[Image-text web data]
···

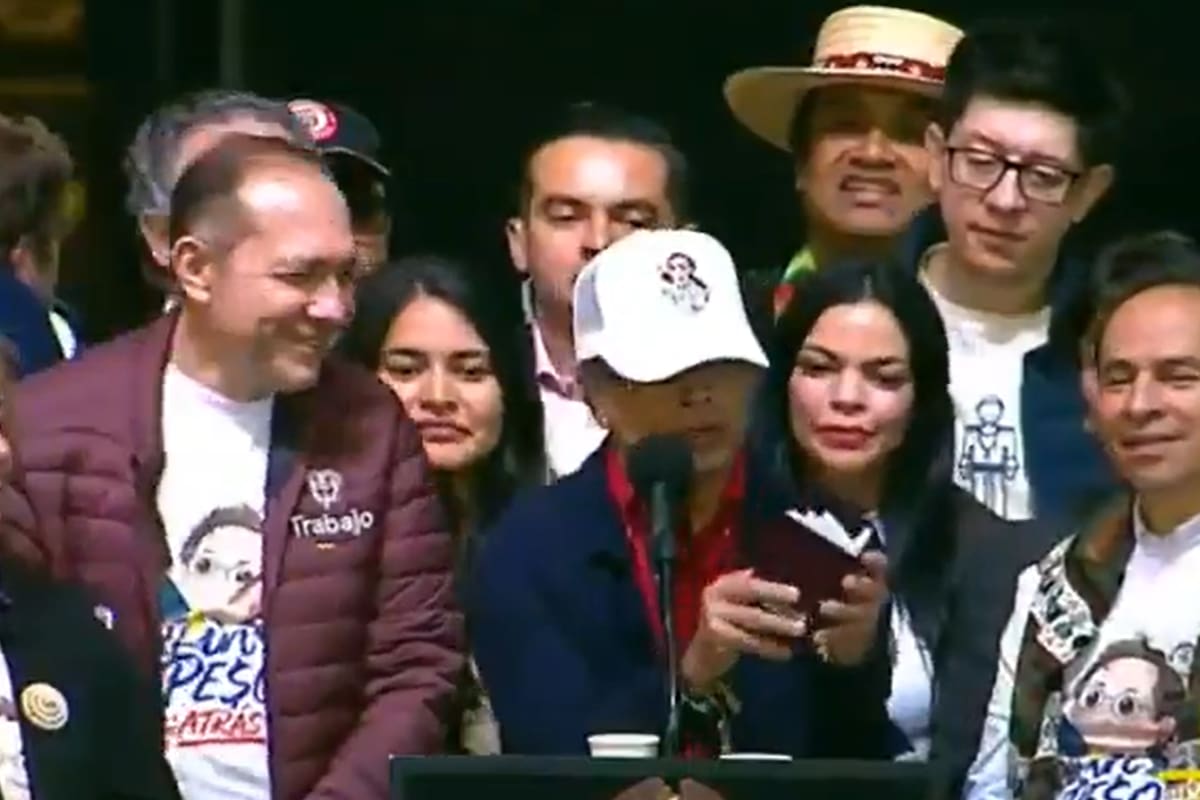 Petro presenta los nuevos pasaportes de Colombia, producidos por la Imprenta Nacional. | Foto: Tomado de Video.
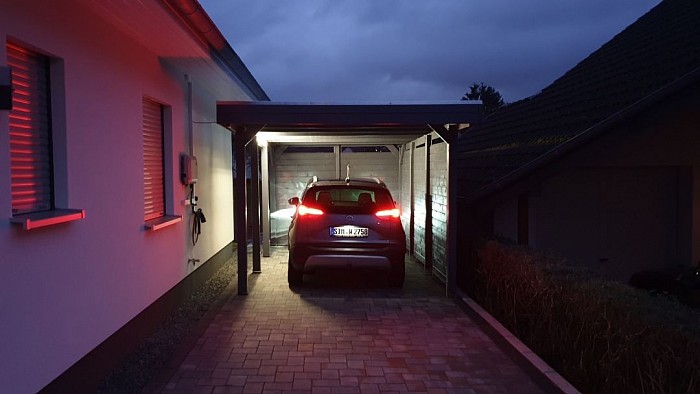 Carport mit Licht, Schalter und Steckdose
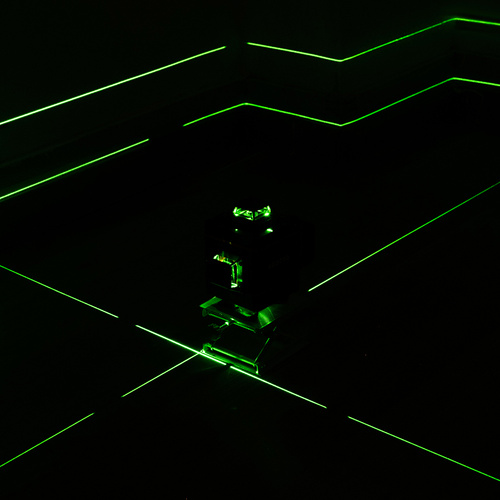 4D 16řádková plochá laserová vodováha – přesný 360° zelený laser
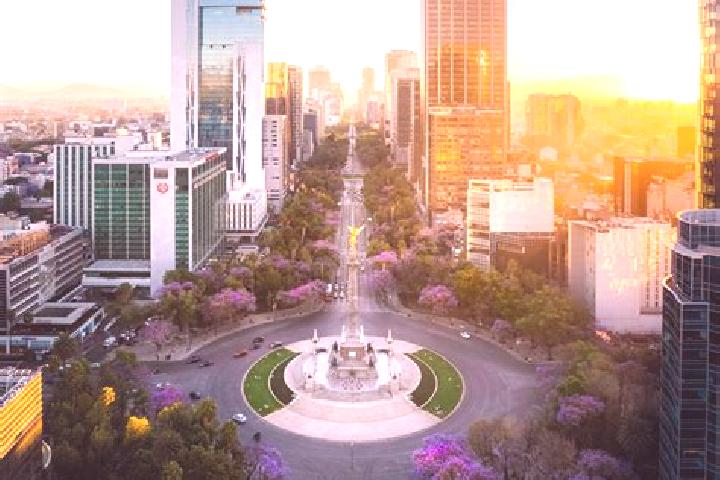 Kinsley, 30 — Escort in Sindihui, Mexico
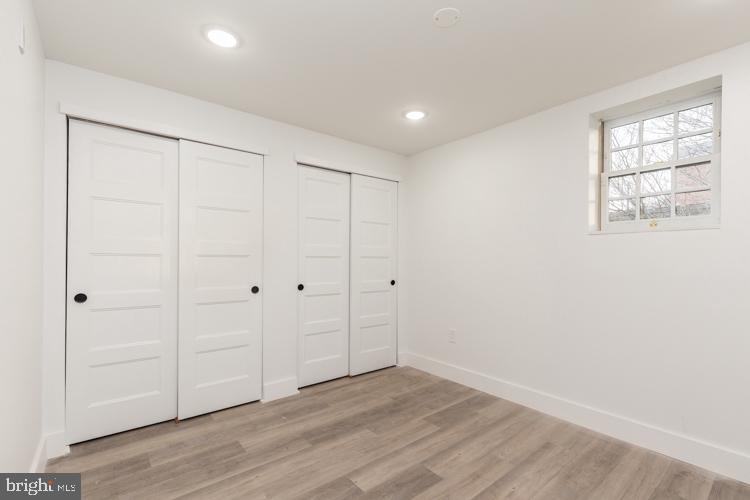 QUEEN VILLAGE - Commercial Sale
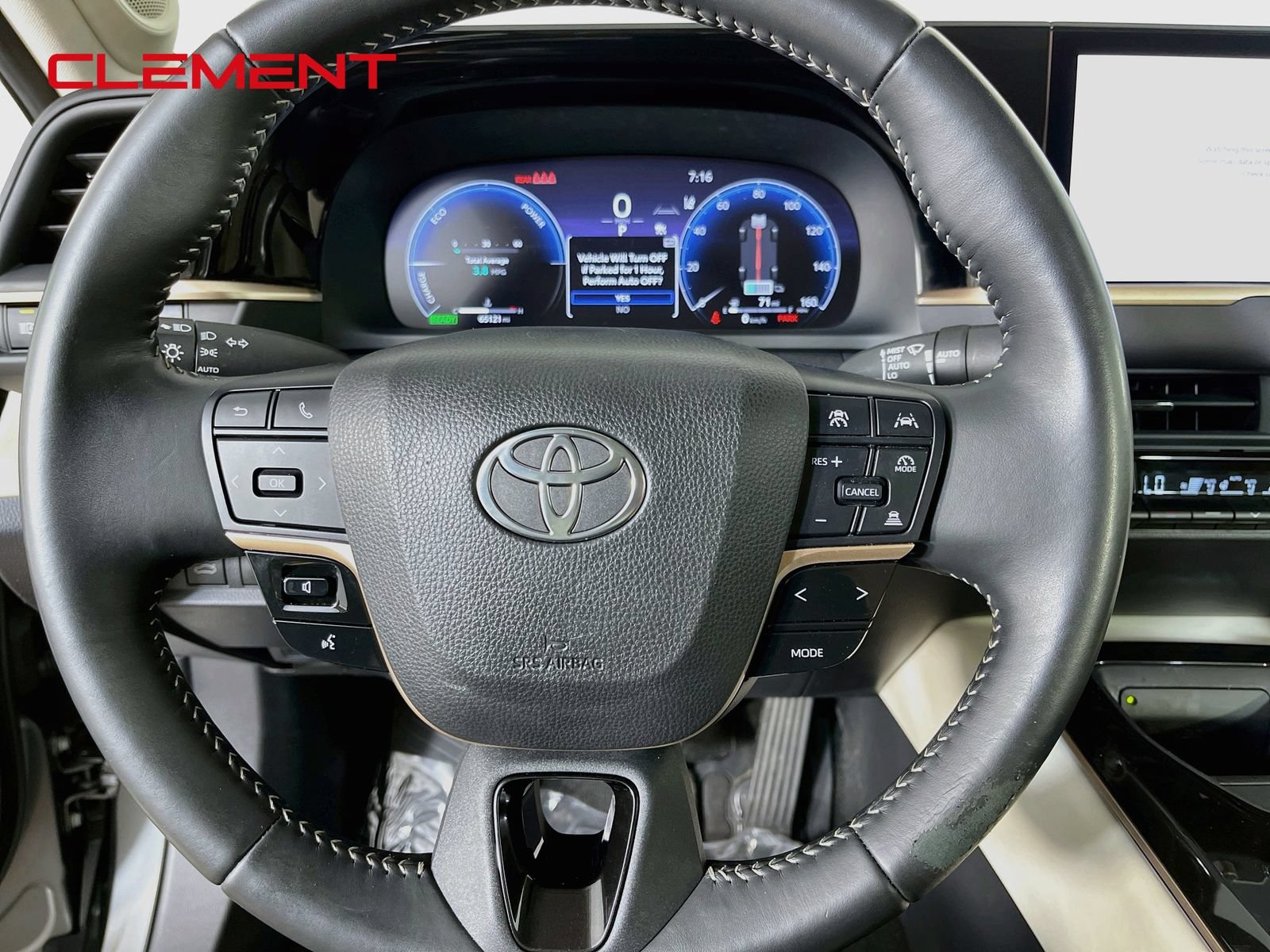 Used 2024 Toyota Crown AWD/4WD image 13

···

### Assigned task
Copy out all the records exactly, excluding pictures.

### Result for this exercise
 Petro presenta los nuevos pasaportes de Colombia, producidos por la Imprenta Nacional. | Foto: Tomado de Video.
 Carport mit Licht, Schalter und Steckdose
 4D 16řádková plochá laserová vodováha – přesný 360° zelený laser
 Kinsley, 30 — Escort in Sindihui, Mexico
 QUEEN VILLAGE - Commercial Sale
 Used 2024 Toyota Crown AWD/4WD image 13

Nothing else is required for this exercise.